* **Try it**: Give an exact copy of the lines from the beginning of the listing below to the "map of La Yegüera" line, inclusive.

* **Records for processing**:
++++++++
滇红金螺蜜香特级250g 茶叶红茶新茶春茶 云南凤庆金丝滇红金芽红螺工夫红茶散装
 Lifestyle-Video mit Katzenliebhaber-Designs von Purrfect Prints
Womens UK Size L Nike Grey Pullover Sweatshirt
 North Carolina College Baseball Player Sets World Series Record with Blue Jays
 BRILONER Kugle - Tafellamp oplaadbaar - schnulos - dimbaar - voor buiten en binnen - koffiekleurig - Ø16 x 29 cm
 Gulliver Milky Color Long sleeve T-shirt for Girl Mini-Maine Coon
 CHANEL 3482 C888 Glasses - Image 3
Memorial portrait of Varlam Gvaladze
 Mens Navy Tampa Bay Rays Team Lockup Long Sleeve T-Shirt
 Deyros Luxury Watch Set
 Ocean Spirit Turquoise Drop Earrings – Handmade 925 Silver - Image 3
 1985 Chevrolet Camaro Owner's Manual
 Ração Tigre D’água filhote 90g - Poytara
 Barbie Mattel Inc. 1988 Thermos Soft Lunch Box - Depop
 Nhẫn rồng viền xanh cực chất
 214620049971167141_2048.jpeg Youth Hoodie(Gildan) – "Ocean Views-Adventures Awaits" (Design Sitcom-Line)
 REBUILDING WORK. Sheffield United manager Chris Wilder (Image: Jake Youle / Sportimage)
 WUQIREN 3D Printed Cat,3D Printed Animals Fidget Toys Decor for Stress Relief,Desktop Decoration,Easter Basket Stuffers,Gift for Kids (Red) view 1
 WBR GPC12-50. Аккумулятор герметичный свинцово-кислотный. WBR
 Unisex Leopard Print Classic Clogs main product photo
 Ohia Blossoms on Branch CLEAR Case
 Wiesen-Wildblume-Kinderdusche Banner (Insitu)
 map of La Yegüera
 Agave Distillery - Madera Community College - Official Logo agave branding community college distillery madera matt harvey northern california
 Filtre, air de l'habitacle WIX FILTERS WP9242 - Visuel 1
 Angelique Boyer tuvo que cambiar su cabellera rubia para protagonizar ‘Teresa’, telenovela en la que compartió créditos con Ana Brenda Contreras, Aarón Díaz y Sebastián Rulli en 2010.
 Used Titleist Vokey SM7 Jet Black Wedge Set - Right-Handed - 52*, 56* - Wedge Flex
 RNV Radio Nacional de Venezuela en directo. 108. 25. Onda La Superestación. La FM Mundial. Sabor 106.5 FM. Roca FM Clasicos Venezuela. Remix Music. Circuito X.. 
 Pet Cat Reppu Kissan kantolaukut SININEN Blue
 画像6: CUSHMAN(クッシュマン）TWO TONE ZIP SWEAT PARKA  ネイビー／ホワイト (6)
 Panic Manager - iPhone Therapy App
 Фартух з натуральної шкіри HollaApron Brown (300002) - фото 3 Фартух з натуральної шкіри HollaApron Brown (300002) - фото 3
++++++++
* **Output for this exercise**:
滇红金螺蜜香特级250g 茶叶红茶新茶春茶 云南凤庆金丝滇红金芽红螺工夫红茶散装
 Lifestyle-Video mit Katzenliebhaber-Designs von Purrfect Prints
Womens UK Size L Nike Grey Pullover Sweatshirt
 North Carolina College Baseball Player Sets World Series Record with Blue Jays
 BRILONER Kugle - Tafellamp oplaadbaar - schnulos - dimbaar - voor buiten en binnen - koffiekleurig - Ø16 x 29 cm
 Gulliver Milky Color Long sleeve T-shirt for Girl Mini-Maine Coon
 CHANEL 3482 C888 Glasses - Image 3
Memorial portrait of Varlam Gvaladze
 Mens Navy Tampa Bay Rays Team Lockup Long Sleeve T-Shirt
 Deyros Luxury Watch Set
 Ocean Spirit Turquoise Drop Earrings – Handmade 925 Silver - Image 3
 1985 Chevrolet Camaro Owner's Manual
 Ração Tigre D’água filhote 90g - Poytara
 Barbie Mattel Inc. 1988 Thermos Soft Lunch Box - Depop
 Nhẫn rồng viền xanh cực chất
 214620049971167141_2048.jpeg Youth Hoodie(Gildan) – "Ocean Views-Adventures Awaits" (Design Sitcom-Line)
 REBUILDING WORK. Sheffield United manager Chris Wilder (Image: Jake Youle / Sportimage)
 WUQIREN 3D Printed Cat,3D Printed Animals Fidget Toys Decor for Stress Relief,Desktop Decoration,Easter Basket Stuffers,Gift for Kids (Red) view 1
 WBR GPC12-50. Аккумулятор герметичный свинцово-кислотный. WBR
 Unisex Leopard Print Classic Clogs main product photo
 Ohia Blossoms on Branch CLEAR Case
 Wiesen-Wildblume-Kinderdusche Banner (Insitu)
 map of La Yegüera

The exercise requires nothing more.